Conventional Wisdom & Specialization

Conventional wisdom is an asset in so many situations that one can hardly do without it. After all, it “makes sense!” Or at least it seems to make sense… and it can speed-up consensus and increase our confidence in our decision making.

But in a dynamic world when the underlying assumptions shift, we conventional wisdom easily lead our organization to make some big

For example, conventional wisdom holds that specialization is good. A person can get very fast and reliable doing the same thing the same way again and again. The classic example is Henry Ford’s assembly line which broke the complex craft of auto assembly into a sequence of very specialized jobs that could be easily taught to the relatively unskilled labor on the assembly line. Assembly line efficiencies put automobile ownership in reach of a much larger portion of the country and made the benefits of specialization a part of our national business psyche.

Specialization is applied to many jobs today as well, such as dividing a call center into teams of specialists by type of call, or dividing incoming orders so that one person handles all of the especially complicated jobs, or conversely, the easiest tasks may be pruned off and assigned to a junior person to exclusively handle.
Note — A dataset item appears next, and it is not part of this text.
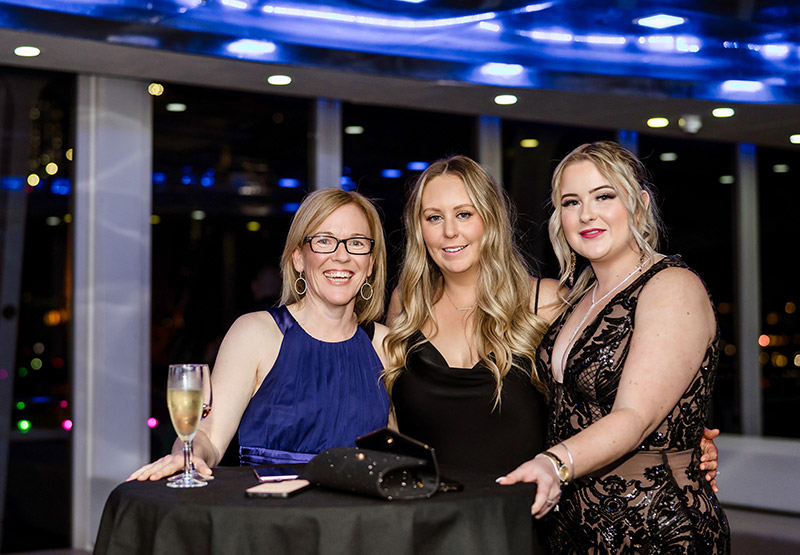 Guests enjoying the Clearview Wine-Paired Dinner Cruise experience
When the volume and nature of the work flow is predictable, specialization can increase both efficiency and quality. But when the quantity, timing, or nature of the demand for work is uncertain, specialization significantly reduces efficiency!

For example, when a service organization wanted to speed up throughput and reduce overtime costs for processing new account applications for clients in the Financial Services industry, they organized their processors into different groups to handle different clients. This enabled each processor to complete an account
set-up faster because they could easily memorize the steps and forms for their small group of clients.
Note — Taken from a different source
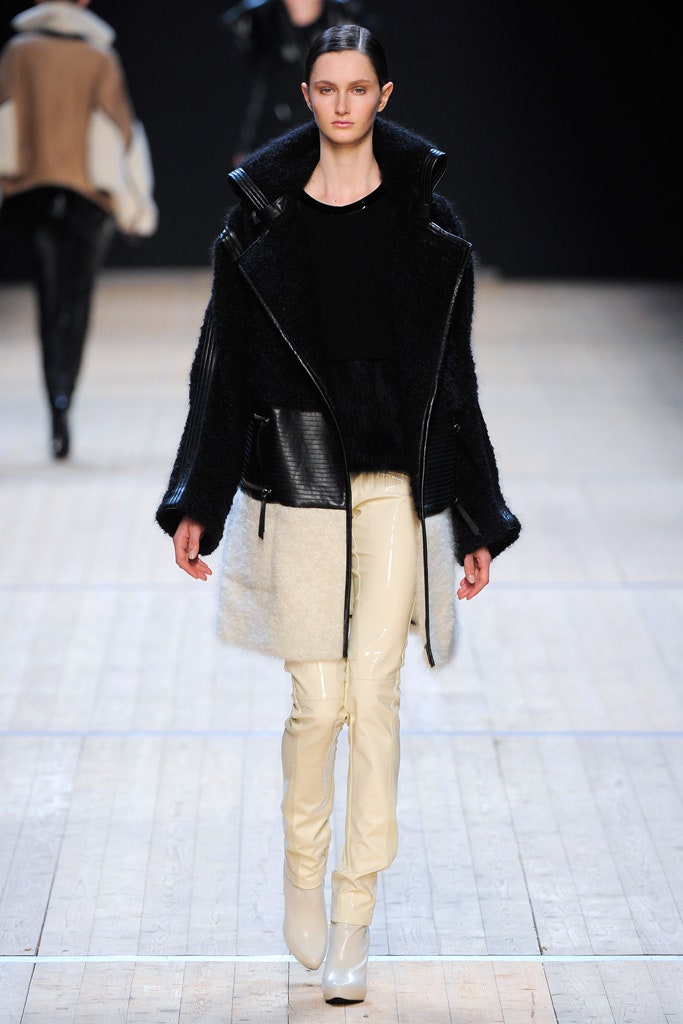 black and white fitted coat with beige pants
Nonetheless, the efficiency of the operation as a whole declined substantially. Variation in the incoming volume resulted in one group being swamped one day and working overtime, while another group was very slow.

So the rule is: sequential specialization, like the assembly line, often speeds up the mastery and execution of the subset of work, but will also reduce the total throughput whenever there is variation in the amount of time that a step may take. Each hand-off is an opportunity for work to be waiting for a worker or for a worker to be waiting for
work. When variation is low, specialization can increase throughput, but if there is variation in incoming quality or in the amount of time needed to execute a step, specialization tends to reduce efficiencies of the operation as a whole.